Privacy op Internet is vrijwel onbestaande • alles wat we on-line doen laat een spoor achter • wat we vertellen is duidelijk, maar ook alle ander Internet gebruik wordt geobserveerd
!13
We zien hier een oude cartoon die echt helemaal achterhaald is. Alles wat we on-line doen wordt geobserveerd. Een zoekmachine als Google weet veel meer over ons dan alleen wat we bewust op Internet publiceren via tweets, facebook, blogs, discussie forums, etc. Elke vraag aan Google zegt iets over ons. Elke klik op een zoekresultaat zegt iets over ons. Google weet echt wel wie een hond is en wie niet.
We willen niet alles delen: hoe geheim houden? • systeem-beveiliging: • sta alleen bepaalde communicatie tussen Internet en je computer (netwerk) doe met behulp van een firewall • detecteer of voorkom het binnendringen van malware door gedrag te observeren: intrusion detection
• communicatie-beveiliging: bij elke communicatie • geheimhouding door middel van versleuteling • integriteit door middel van controle (checksum) • authenticiteit met een digitale handtekening van de afzender • niet-onkenbaarheid via een afleverbevestiging (zoals bij een aangetekende zending)
!14
Hoe houden we onze computers en communicatie veilig? De computer heeft twee beveiligingen nodig: • Een firewall laat alleen bepaalde communicatie toe. Alle communicatie die op Internet mogelijk is maar die we niet gebruiken willen we blokkeren zodat kwaadwillenden onze computer niet via door ons ongewenste kanelen kunnen benaderen. • Wanneer we communicatie willen toestaan (bijvoorbeeld verbinding met het Web en email) dan moeten we de data die we communiceren verifiëren. Een anti-virus programma bijvoorbeeld kijkt of er geen verdacht gedrag optreedt. De communicatie die we met anderen hebben moet aan vier voorwaarden voldoen: • geheimhouding: wanneer we een bericht versturen kan het tijdens de verzending onderschept worden. We kunnen dit niet voorkomen maar als we een geheimschrift gebruiken kan de werkelijke inhoud van de boodschap toch geheim blijven. • integriteit: tijdens de verzending mag een bericht niet veranderd worden. We kunnen ook dit niet garanderen, maar we kunnen een controle inbouwen (een checksum) waarmee de ontvanger kan checken of het bericht nog intact is. • authenticiteit: we willen garanderen dat het bericht komt van de afzender die er op staat. Dat kan met een digitale handtekening, die gekoppeld is aan het bericht zodat de handtekening alleen in combinatie met dit bericht werkt. • niet-onkenbaarheid: we willen een ontvangstbevestiging terugkrijgen zoals bij een aangetekende zending
Is Internet-criminaliteit wel een echt probleem? • In de “gewone” wereld valt criminaliteit wel mee? • Met hoeveel mensen/bedrijven kom je in aanraking en hoeveel daarvan proberen je te bedriegen/bestelen? • Hoeveel mensen/bedrijven kunnen je via Internet bereiken en neem dezelfde verhouding tussen goede en slechte…

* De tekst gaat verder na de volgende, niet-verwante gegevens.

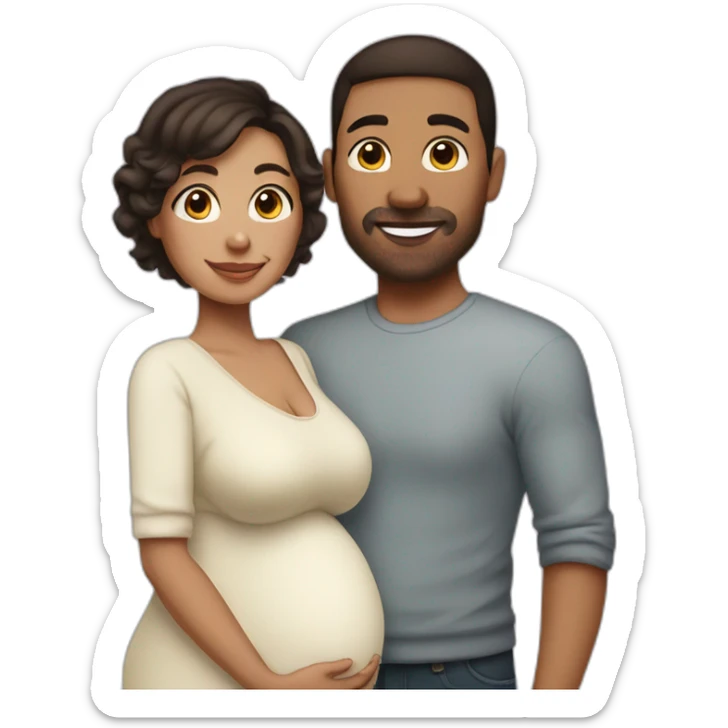 Pregnant wife dark brown haircut and husband clean-shaven sticker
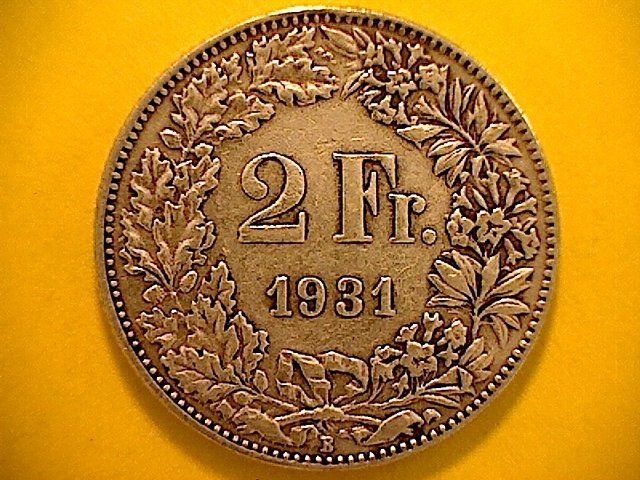Alle Münzen: 2 Fr. 1931 – Gebraucht aus Buchs AG von Ged8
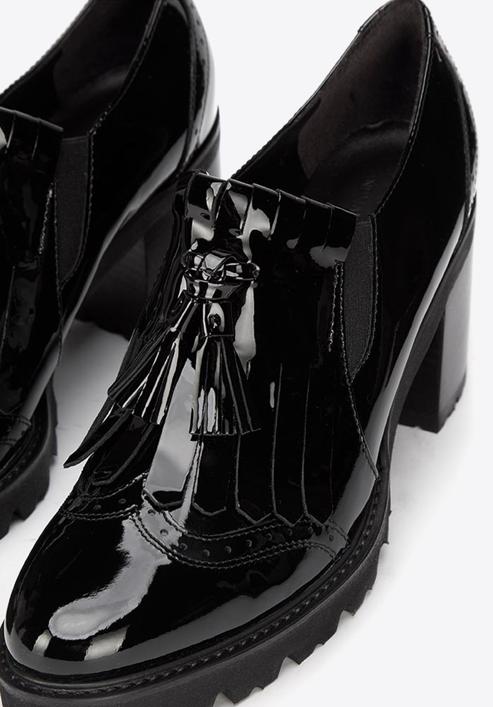Női félcipő lakkbőrből, rugalmas gumival, fekete, 93-D-101-1-41, Fénykép 8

• Criminaliteit is voor bedrijven (e.g. banken) een veel groter probleem dan voor consumenten: • wat is de kans dat jij bestolen wordt? • wat is de kans dat iemand bestolen wordt?
!15
Voordat we moeilijke en misschien ook dure maatregelen nemen tegen criminaliteit moeten we ons eerst maar eens afvragen hoe groot het probleem is en of het de moeite is om ons er tegen te verdedigen. • In het gewone dagelijkse leven komen we wel eens in aanraking met een crimineel, een zakkenroller, een frauduleus aanbod via post of telefoon of reclame, etc. Meestal leidt het niet tot een echt probleem, soms wel. Laten we even stellen dat het 1 keer per 1.000 dagen gebeurt en dat je in 1.000 dagen ook met ongeveer 1.000 mensen of bedrijven in aanraking komt. • Via Internet kunnen pakweg een miljard mensen je benaderen. Als daar 1 op 1.000 crimineel van is sta je potentieel bloot aan een miljoen criminelen. Maar stel dat in de praktijk slechts een miljoen mensen ook echt een poging ondernemen om je te benaderen in dezelfde periode van 1.000 dagen. Dat is niet echt onrealistisch. Het zijn maar 1.000 verschillende mensen of websites per dag. Als je monitort hoeveel pogingen er zijn om jouw IP nummer te bereiken valt deze schatting wel mee. Dus in 1.000 dagen heb je dan met 1.000 criminelen per dag, of 1 poging om je te bedriegen of bestelen per dag. Bij mij is het minstens 100 pogingen per dag, alleen al via email. • Een andere manier om tegen criminaliteit aan te kijken is om het risico af te wegen voor jou versus voor bijvoorbeeld een bank: Als de kans dat jij een keer bestolen wordt (wat de bank moet vergoeden) 1/1.000 is en de bank heeft 100.000 klanten dan wordt de bank 100 keer bestolen. Het is net als met de staatsloterij: de kans dat jij wint is heel klein maar de kans dat iemand wint is heel groot.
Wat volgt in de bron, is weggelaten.